Selon l’informateur du ‘‘Monde’’, l’autre gendre de Ben Ali, Sakhr El-Materi, décrit comme «un requin qui n’a pas de dents», n’a pas été mis au parfum.
«Qu’il crève» a dit Ben Ali à propos de Bouazizi
Le suicide de Mohamed Bouazizi, immolé par le feu, le 17 décembre, laisse Ben Ali «totalement indifférent». «Il a dit quelque chose comme : ‘Qu’il crève’. A ce moment, Abdelwaheb Abdallah est devenu le véritable régent, et Abdelaziz Ben Dhia le filtre sans qui rien ne passait», raconte le conseiller. Ali Sériati, le chef de la garde présidentielle, fait partie de la clique rapprochée. La situation dans le pays se dégrade. La révolte, qui prend de l’ampleur, rend les conseillers du président fébriles.
Le 29 décembre, au lendemain du premier discours du président, lors d’une réunion de crise, Abdallah dit «Il faut que tout ça soit manipulé par un groupe affilié à Al-Qaida au Maghreb islamique. Pour nos amis français, c’est la seule solution.» Ben Ali, plus lucide que son conseiller politique, réplique sèchement: «Aqmi en Tunisie, c’est la mort du tourisme, on va se suicider.»
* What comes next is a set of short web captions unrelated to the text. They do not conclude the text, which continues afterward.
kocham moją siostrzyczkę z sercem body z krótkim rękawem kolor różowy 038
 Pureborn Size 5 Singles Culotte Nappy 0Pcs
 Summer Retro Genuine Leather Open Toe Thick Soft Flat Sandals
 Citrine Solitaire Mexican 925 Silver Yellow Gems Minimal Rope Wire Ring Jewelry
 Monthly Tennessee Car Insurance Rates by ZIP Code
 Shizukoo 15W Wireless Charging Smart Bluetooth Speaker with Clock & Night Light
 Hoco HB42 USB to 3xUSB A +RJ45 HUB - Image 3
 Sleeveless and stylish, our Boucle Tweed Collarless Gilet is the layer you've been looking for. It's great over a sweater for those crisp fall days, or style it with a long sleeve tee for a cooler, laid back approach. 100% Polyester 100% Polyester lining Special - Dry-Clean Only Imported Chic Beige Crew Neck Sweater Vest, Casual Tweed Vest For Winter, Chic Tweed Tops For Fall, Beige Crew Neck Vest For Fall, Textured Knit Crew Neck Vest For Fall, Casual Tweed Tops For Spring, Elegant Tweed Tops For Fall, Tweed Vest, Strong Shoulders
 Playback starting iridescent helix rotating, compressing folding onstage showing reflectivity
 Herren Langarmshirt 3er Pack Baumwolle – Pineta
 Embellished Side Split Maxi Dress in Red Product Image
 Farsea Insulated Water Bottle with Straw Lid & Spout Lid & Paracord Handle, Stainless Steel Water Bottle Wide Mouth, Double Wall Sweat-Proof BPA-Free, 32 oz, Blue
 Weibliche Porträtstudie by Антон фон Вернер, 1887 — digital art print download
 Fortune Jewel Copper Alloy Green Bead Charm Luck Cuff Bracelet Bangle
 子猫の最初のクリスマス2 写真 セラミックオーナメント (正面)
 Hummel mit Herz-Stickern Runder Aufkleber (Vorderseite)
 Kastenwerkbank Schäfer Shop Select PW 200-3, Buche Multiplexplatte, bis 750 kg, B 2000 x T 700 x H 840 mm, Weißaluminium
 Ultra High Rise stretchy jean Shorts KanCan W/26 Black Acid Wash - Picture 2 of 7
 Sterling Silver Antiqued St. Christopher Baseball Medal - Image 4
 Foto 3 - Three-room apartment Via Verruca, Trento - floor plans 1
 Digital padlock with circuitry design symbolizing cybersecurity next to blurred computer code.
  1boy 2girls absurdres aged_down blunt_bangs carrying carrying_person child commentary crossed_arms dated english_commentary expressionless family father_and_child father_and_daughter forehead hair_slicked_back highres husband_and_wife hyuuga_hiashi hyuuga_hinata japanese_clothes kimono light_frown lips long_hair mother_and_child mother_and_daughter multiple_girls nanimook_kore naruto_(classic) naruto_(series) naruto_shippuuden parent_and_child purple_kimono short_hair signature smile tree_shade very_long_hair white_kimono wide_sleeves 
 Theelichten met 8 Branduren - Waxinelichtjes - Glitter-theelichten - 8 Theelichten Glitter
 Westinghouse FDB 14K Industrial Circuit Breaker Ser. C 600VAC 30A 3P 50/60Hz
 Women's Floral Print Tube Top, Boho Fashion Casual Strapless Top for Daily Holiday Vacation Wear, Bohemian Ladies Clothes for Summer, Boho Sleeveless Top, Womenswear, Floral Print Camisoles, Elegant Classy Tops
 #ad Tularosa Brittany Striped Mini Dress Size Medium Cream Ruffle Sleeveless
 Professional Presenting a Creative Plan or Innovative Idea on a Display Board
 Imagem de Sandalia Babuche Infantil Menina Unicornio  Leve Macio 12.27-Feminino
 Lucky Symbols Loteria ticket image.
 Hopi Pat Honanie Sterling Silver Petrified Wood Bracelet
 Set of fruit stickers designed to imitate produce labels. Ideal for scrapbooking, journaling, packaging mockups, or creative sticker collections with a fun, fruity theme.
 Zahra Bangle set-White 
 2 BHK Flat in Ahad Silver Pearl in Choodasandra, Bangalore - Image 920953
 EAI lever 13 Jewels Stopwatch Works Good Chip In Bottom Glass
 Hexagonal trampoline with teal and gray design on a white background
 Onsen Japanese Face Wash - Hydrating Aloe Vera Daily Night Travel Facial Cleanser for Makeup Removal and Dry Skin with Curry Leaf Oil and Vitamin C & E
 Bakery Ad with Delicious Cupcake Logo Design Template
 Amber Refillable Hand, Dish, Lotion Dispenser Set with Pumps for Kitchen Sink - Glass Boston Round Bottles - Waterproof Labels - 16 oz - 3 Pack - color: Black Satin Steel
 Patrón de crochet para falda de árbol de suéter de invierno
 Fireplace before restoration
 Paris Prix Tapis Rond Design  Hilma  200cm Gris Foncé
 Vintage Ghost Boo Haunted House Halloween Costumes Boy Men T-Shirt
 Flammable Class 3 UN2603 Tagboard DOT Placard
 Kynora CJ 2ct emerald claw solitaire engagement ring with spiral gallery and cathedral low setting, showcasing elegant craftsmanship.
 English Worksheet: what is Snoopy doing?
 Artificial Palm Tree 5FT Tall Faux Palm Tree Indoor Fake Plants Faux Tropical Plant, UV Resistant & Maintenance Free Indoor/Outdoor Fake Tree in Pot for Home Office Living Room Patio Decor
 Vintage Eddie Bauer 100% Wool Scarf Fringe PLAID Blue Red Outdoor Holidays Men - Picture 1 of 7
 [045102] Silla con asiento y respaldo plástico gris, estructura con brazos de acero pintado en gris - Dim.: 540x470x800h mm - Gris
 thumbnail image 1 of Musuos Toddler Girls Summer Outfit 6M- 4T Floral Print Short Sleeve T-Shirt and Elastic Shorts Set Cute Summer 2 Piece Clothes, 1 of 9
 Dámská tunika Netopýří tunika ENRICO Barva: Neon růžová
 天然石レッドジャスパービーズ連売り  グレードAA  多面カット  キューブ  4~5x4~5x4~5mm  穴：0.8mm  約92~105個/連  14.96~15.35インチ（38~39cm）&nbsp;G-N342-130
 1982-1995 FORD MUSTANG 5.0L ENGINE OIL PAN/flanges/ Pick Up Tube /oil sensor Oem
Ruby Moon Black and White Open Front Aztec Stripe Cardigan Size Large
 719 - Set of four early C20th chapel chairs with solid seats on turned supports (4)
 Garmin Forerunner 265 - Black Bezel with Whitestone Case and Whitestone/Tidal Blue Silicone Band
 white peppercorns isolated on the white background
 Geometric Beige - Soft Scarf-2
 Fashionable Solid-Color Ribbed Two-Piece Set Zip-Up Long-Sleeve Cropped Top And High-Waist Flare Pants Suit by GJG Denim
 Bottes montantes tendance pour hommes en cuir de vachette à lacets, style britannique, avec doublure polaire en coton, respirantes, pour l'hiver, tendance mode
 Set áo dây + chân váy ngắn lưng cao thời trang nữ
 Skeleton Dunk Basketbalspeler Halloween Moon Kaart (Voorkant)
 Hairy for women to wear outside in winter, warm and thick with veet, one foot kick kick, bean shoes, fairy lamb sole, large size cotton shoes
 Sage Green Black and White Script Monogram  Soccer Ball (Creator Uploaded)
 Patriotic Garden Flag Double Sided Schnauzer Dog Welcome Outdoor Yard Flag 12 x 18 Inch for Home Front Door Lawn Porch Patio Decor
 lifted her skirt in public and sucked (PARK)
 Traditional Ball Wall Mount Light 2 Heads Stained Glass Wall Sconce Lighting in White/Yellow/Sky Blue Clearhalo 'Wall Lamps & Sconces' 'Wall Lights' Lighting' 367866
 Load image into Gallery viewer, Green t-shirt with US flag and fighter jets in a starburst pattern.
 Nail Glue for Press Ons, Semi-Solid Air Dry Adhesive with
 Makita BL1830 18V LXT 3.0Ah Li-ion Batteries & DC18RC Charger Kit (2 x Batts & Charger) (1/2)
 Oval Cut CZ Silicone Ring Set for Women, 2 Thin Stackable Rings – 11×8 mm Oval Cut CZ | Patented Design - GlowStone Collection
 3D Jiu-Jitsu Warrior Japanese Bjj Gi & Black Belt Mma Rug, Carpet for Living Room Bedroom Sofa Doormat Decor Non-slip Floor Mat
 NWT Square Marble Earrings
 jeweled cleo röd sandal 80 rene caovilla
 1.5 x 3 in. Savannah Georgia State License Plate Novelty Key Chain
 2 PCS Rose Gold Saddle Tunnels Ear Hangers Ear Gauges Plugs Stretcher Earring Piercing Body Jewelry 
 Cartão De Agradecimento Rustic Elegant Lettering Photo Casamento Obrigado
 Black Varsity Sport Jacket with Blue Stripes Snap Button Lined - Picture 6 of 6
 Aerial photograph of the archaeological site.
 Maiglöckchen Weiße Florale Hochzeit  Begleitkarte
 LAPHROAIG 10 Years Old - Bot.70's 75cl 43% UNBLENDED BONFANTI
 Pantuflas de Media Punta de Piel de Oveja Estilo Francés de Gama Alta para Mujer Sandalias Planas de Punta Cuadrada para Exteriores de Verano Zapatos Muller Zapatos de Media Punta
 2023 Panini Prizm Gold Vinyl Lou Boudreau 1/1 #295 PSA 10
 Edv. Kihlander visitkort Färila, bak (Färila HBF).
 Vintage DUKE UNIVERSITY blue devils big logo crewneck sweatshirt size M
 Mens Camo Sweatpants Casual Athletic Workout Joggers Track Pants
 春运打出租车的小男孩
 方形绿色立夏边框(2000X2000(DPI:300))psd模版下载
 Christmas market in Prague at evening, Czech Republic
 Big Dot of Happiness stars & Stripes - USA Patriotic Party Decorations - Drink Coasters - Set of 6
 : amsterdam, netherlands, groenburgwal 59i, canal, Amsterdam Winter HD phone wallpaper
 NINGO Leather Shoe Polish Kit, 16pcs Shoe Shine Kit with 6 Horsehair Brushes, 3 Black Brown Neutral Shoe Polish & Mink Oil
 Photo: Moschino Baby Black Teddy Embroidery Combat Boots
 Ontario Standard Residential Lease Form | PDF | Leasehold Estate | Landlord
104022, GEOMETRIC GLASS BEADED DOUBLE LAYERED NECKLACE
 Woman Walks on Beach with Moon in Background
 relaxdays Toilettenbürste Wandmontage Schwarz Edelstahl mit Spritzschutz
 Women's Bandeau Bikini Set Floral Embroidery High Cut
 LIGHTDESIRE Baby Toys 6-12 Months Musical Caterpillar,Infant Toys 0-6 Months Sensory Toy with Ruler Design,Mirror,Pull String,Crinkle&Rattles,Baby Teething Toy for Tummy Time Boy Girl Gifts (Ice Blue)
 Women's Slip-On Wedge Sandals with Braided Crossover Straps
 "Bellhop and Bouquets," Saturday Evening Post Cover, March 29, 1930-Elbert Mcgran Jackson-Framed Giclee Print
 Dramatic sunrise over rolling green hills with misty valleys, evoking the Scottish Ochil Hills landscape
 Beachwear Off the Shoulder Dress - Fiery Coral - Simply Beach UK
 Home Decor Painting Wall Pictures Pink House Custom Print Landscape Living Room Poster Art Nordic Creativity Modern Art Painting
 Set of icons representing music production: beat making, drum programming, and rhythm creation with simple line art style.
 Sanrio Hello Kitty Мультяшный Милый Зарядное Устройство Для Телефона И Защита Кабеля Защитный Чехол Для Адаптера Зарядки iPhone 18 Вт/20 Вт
Pour expliquer les manifestations, les collaborateurs de l’ex-président servent aux Américains l’argument du «foyer islamiste» à Kasserine, la ville où les manifestations ont été les plus durement réprimées. «Il y a eu un air de fête après les déclarations de Michèle Alliot-Marie lorsqu’elle a proposé d’aider à former des policiers tunisiens. Et Eric Raoult appelait tout le temps pour dire qu’il ne fallait pas ouvrir la brèche aux islamistes; Abdallah l’avait surnommé la ‘passerelle’», écrit ‘‘Le Monde’’
Sériati veut brûler la Tunisie
Selon le conseiller, l’ex-président s’était réfugié dans sa propriété d’Hammamet avant de quitter le pays et avait préenregistré son dernier discours. «Sériati a prévenu que les militaires, ces 'fils de bâtards', fraternisaient avec la population. Il a ajouté: 'Peut-être on partira, mais on brûlera Tunis: j’ai 800 bonhommes prêts à se sacrifier. Dans deux semaines, les mêmes qui manifestent vont nous supplier de reprendre les choses en main’», rapporte le conseiller, dont ‘‘Le Monde’’ n’a pas divulgué l’identité.